Annan noted, however, that while spam and cybercrime are being dealt with "in a dispersed and fragmented manner," the Internet's infrastructure is being managed in an "informal but effective collaboration" among private businesses, academic groups and others.
"But developing countries find it difficult to follow all these processes and feel left out of Internet governance structures," Annan said, adding that "many" say authority over the Internet should be shared with the international community.
"The United States, which has exercised its oversight responsibilities fairly and honorably, recognizes that other governments have legitimate public policy and sovereignty concerns, and that efforts to make the governance arrangements more international should continue," he continued.
U.S.: Hands Off ICANN
Last month, a group of lawmakers, including Rep. Fred Upton, R-Mich., sent a letter to the Commerce and State departments, urging continued U.S. oversight of the Internet. Upton is the chairman of the House Energy Subcommittee on Telecommunications and the Internet.

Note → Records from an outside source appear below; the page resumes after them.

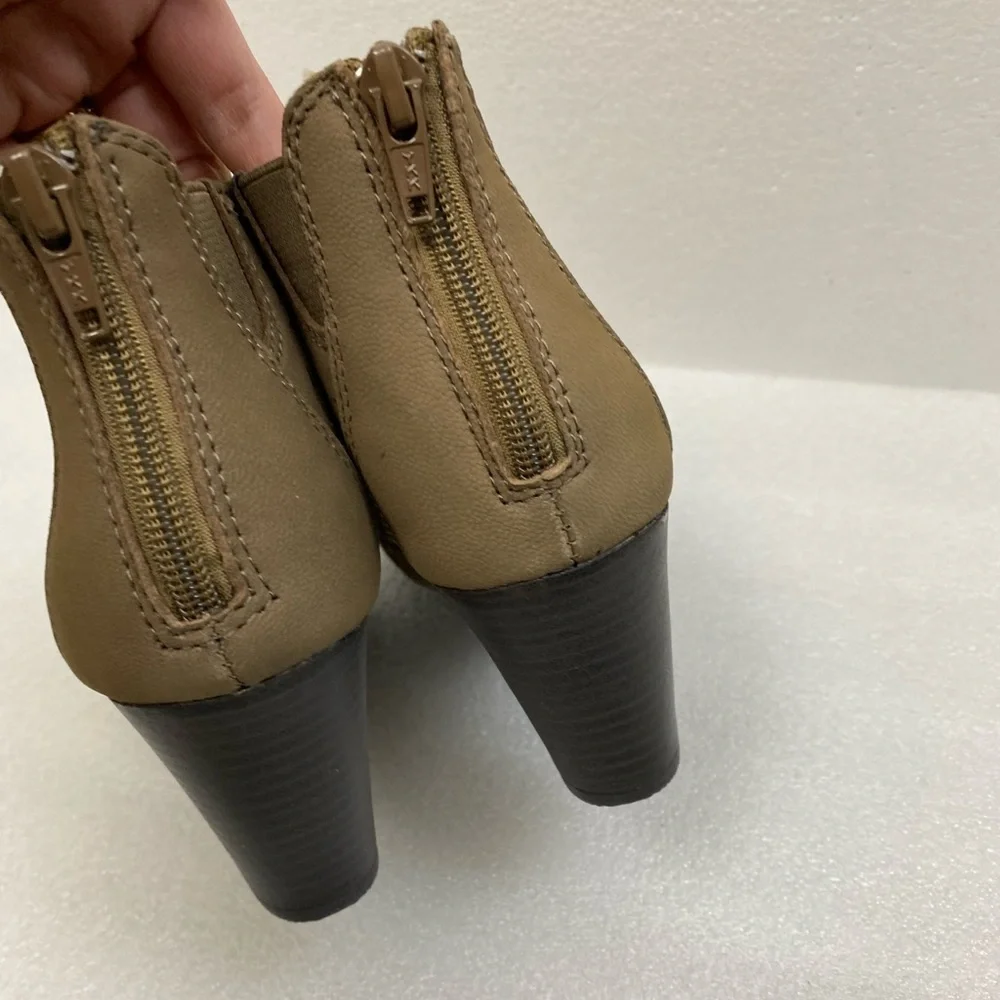 Earth Origins Shaye Taupe Khaki Tan Neutral Heel Leather Laser cut Bootie Size 6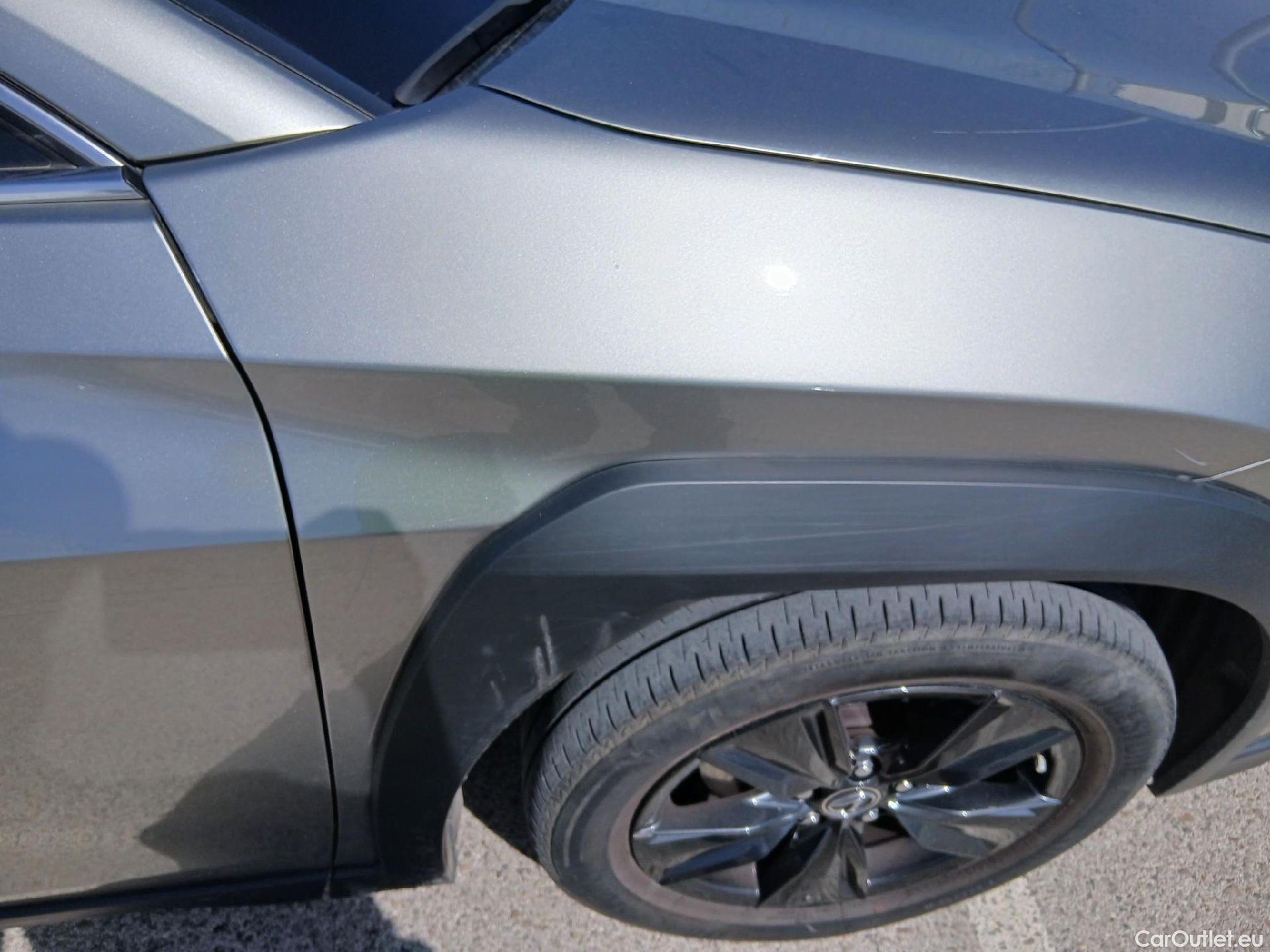  Lexus  UX LEXUS  / 2018 / 5P / todoterreno 2.0 250h Business (AC) #30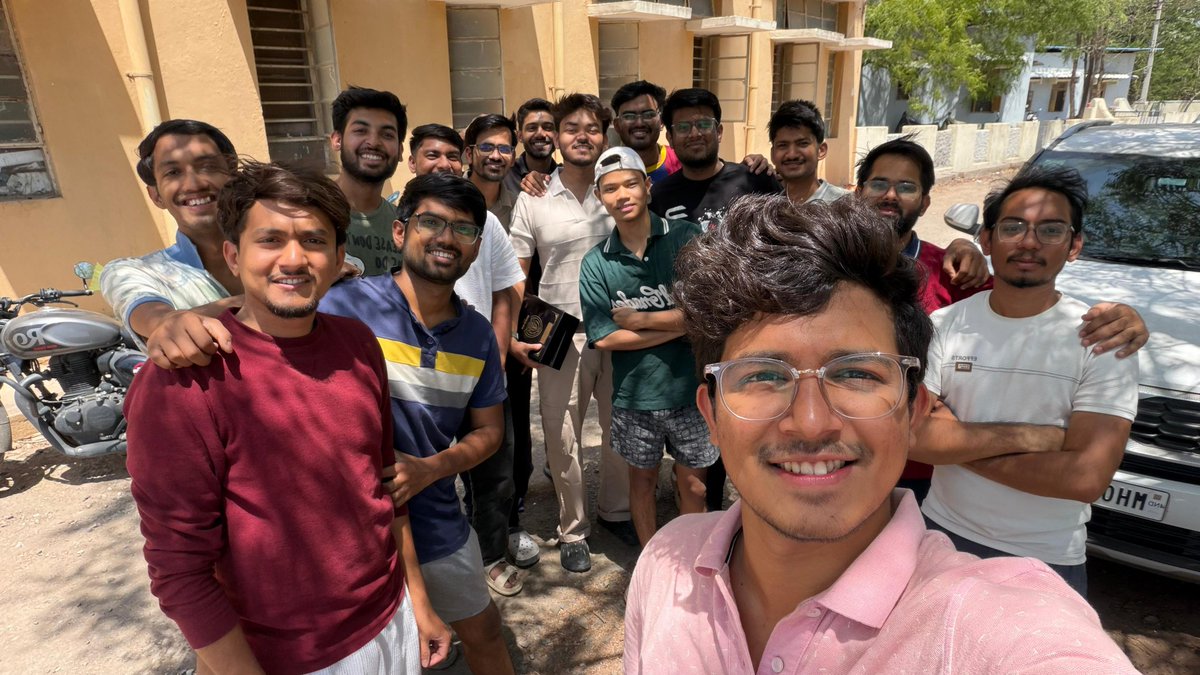 Bagaria_hardik_'s tweet image. Leaving my alma mater after 5 years.
And I can't tell you how hard it was to do so. 🥺
At that point, I just wanted to stay there.
#medX #MBBS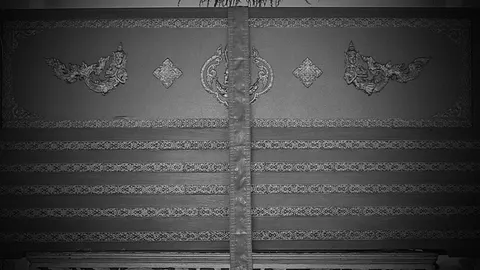 ฮือฮา! งานศพส.ท.ชื่อดัง ญาติจัดโคโยตี้เต้นหน้างาน บอกเขาขอไว้ก่อนตาย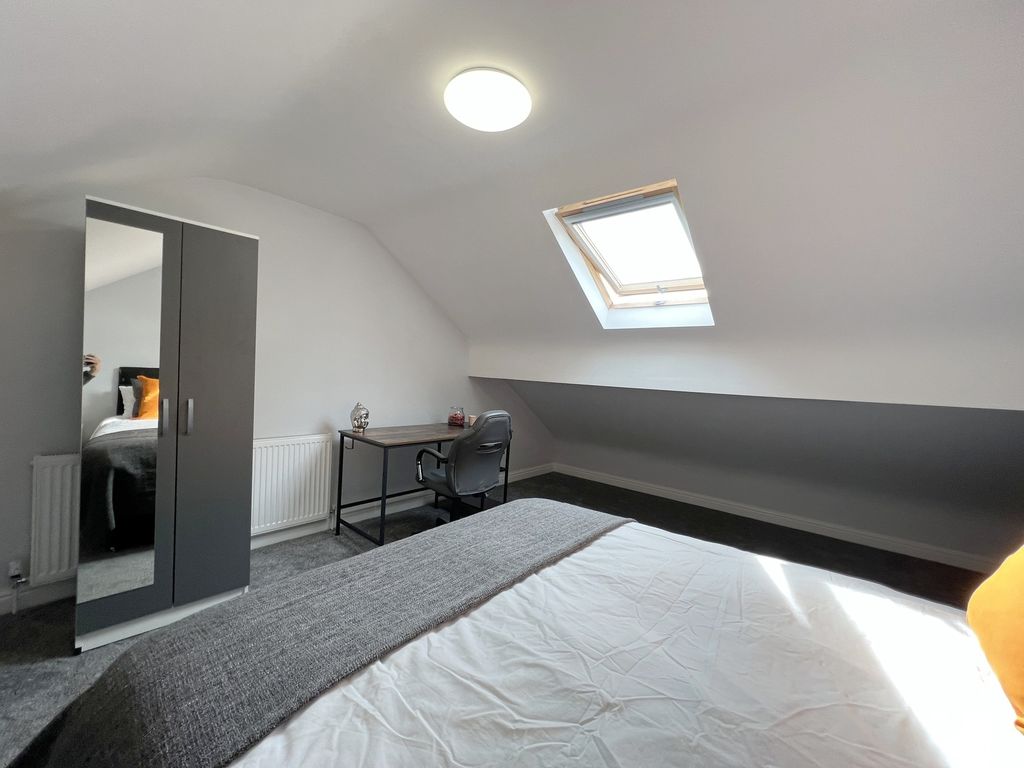 Property photo 2 of 9 Bedroom 6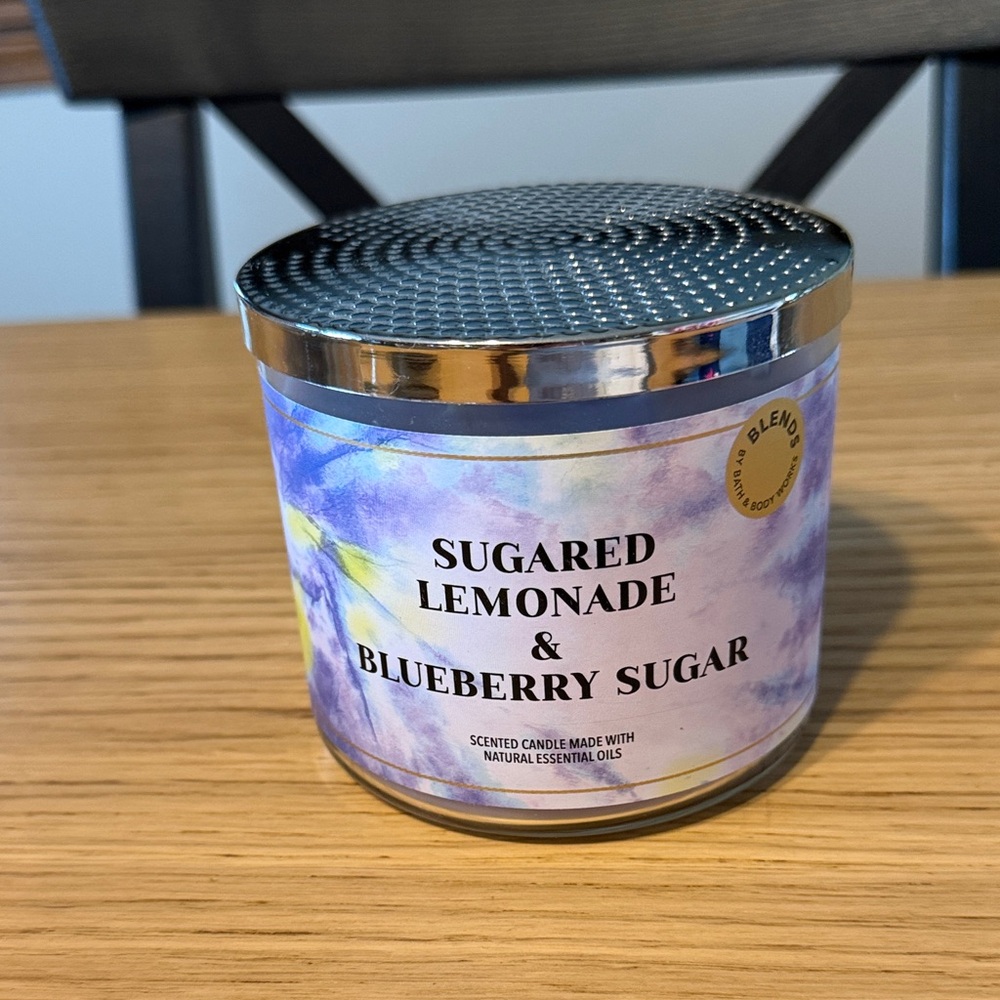 Bath & Body Works 3 wick Candle. Sugared Lemonade & Blueberry Sugar.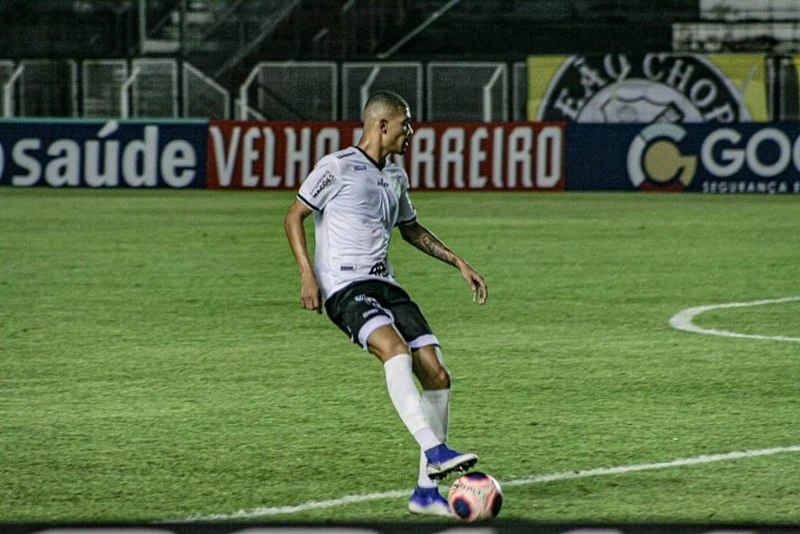 O zagueiro João Victor está emprestado ao Atlético-GO até dezembro desta temporada. Seu vínculo com o Corinthians termina em julho de 2022. 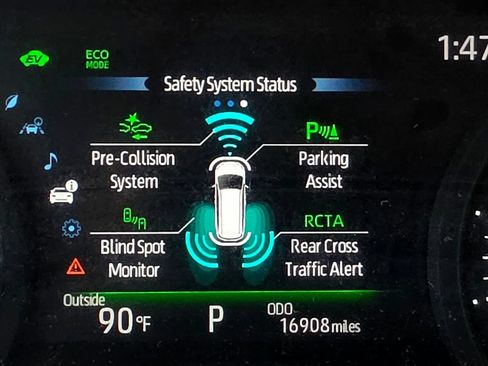 Used 2026 Toyota Sienna XLE FWD image 36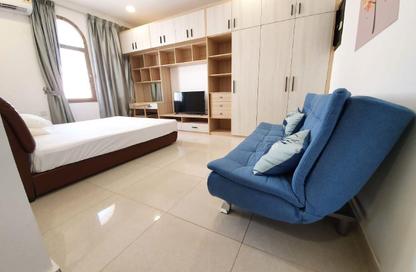 Apartment - Studio - 1 Bathroom for rent in Exhibition Road - Hoora - Capital Governorate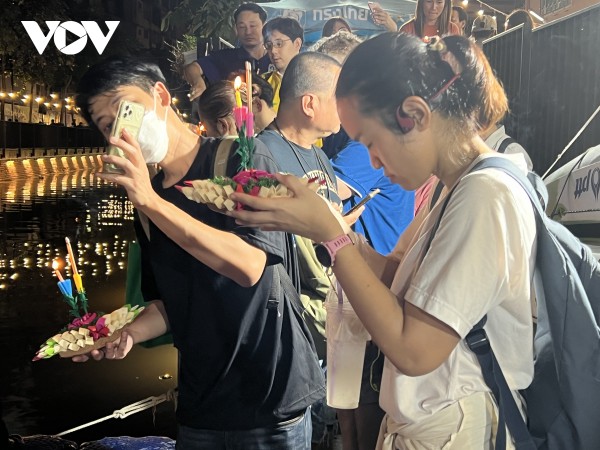 Bangkok (Thái Lan) tổ chức Lễ hội Loy Krathong thân thiện môi trường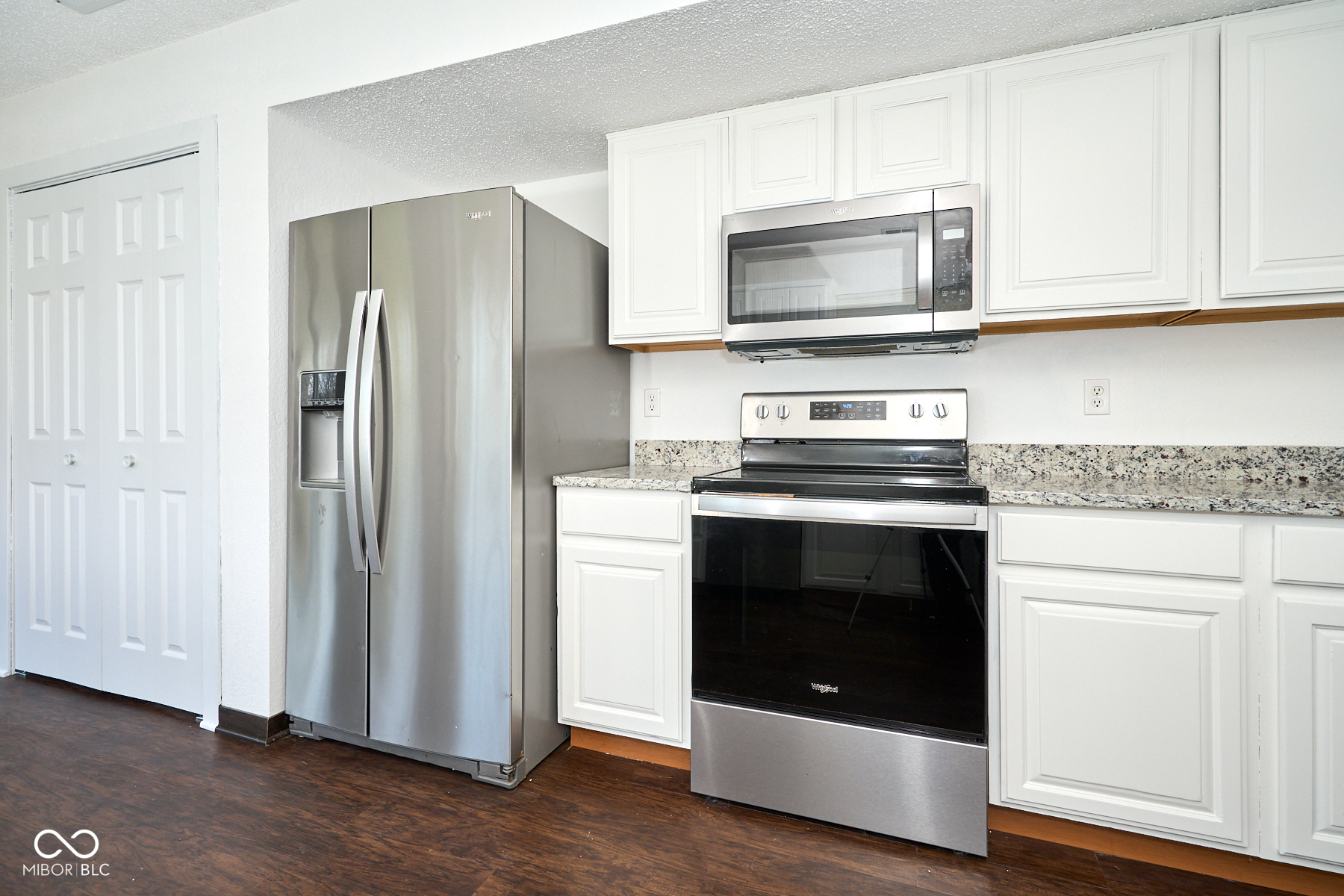 5424 Milhouse Road Indianapolis, IN 46221 - Photo 7 of 48 Gallery Image 7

"Given the Internet's importance to the world's economy, it is essential that the underlying domain name system of the Internet remains stable and secure," the letter states. "As such, the United States should take no action that would have the potential to adversely impact the effective and efficient operation of the domain name system. Therefore, the United States should maintain its historic role in authorizing changes or modifications to the authoritative root zone file."
Congressional Internet Caucus co-chairmen Rick Boucher, D-Va., and Bob Goodlatte, R-Va., as well as Rep. John Doolittle, R-Calif., introduced a resolution that says the current Internet governance system is working well and that control of the root server responsible for overseeing global Internet addresses should remain in the United States, with the Commerce Department loosely overseeing ICANN.
"It is incumbent upon the United States and other responsible governments to send clear signals to the marketplace that the current structure of oversight and management of the Internet's domain name and addressing service works, and will continue to deliver tangible benefits to Internet users worldwide in the future," states the measure, H. Con. Res. 268.
It also says the continued success of the Internet is dependent upon continued private sector leadership and input from users around the world.
"Whereas in allowing people all around the world freely to exchange information, communicate with one another, and facilitate economic growth and democracy, the Internet has enormous potential to enrich and transform human society," the resolution states.
Sen. Norm Coleman, R-Minn., who is in charge of the Senate's investigation into the U.N. Oil-for-Food scandal, said the Internet governance plan to give the U.N. more control smacks of anti-Americanism.
"You may be angry with us about the war in Iraq, but we are not going to let you take over the Internet. You can't do that," Coleman said. "We can't allow concern that folks may have about other things that the U.S. does and doesn't do to really have the great potential for strangling this expansive vehicle for new growth and new opportunities."